# Week 5
# Simple Linear Regression and the Normal Equation (Chapter 4)

So far we have treated machine learning models and their training algorithms mostly like black boxes. Starting from Chapter 4, we will look into the mechanism of several popular machine learning models, analyze them mathematically and learn how to implement the methods from scratch. Let's start with the linear regression model.

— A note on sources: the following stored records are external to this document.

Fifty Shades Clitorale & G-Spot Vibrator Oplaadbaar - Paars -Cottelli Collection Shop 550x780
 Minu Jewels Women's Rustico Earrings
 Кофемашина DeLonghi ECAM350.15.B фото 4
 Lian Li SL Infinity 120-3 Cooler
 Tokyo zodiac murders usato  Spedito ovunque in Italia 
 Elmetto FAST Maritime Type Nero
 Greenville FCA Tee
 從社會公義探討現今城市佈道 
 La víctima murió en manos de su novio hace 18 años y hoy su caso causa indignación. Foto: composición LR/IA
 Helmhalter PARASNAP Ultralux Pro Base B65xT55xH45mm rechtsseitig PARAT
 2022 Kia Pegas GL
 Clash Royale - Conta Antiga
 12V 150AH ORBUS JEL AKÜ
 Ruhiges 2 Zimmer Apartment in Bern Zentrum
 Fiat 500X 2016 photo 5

## I. Simple Linear regression: Sales Prediction

To put things into context, let's look at a dataset that contains the sales revenue and the advertising budgets of a company in 200 different markets.

In [2]:
import numpy as np
import pandas as pd
import matplotlib.pyplot as plt
%matplotlib inline

In [3]:
url = "http://faculty.marshall.usc.edu/gareth-james/ISL/Advertising.csv"
advertising = pd.read_csv(url, index_col=0)
advertising.head()

Unnamed: 0,TV,radio,newspaper,sales
1,230.1,37.8,69.2,22.1
2,44.5,39.3,45.1,10.4
3,17.2,45.9,69.3,9.3
4,151.5,41.3,58.5,18.5
5,180.8,10.8,58.4,12.9


In [4]:
# plot TV vs. sales

In [None]:
# plot radio vs. sales

In [None]:
# plot newspaper vs. sales

For simplicity, we will only use `TV` as a predictor of `sales`.

In [5]:
data = advertising[['TV', 'sales']]
data.head()

Unnamed: 0,TV,sales
1,230.1,22.1
2,44.5,10.4
3,17.2,9.3
4,151.5,18.5
5,180.8,12.9


## Simple Linear Regression: Model Representation

In order to describe the model mathematically, we need to introduce a few notations:
- The input feature `TV` is represented as variable $X$.
- The output/response feature `sales` is represented as variable $Y$.
- Each instance of data is represented as $(x_i, y_i)$, where $i$ is the row index, $x_i$ is the value corresponding to $X$, and $y_i$ is the value corresponding to $Y$. For example, $(x_1, y_1) = (203.1, 22.1)$.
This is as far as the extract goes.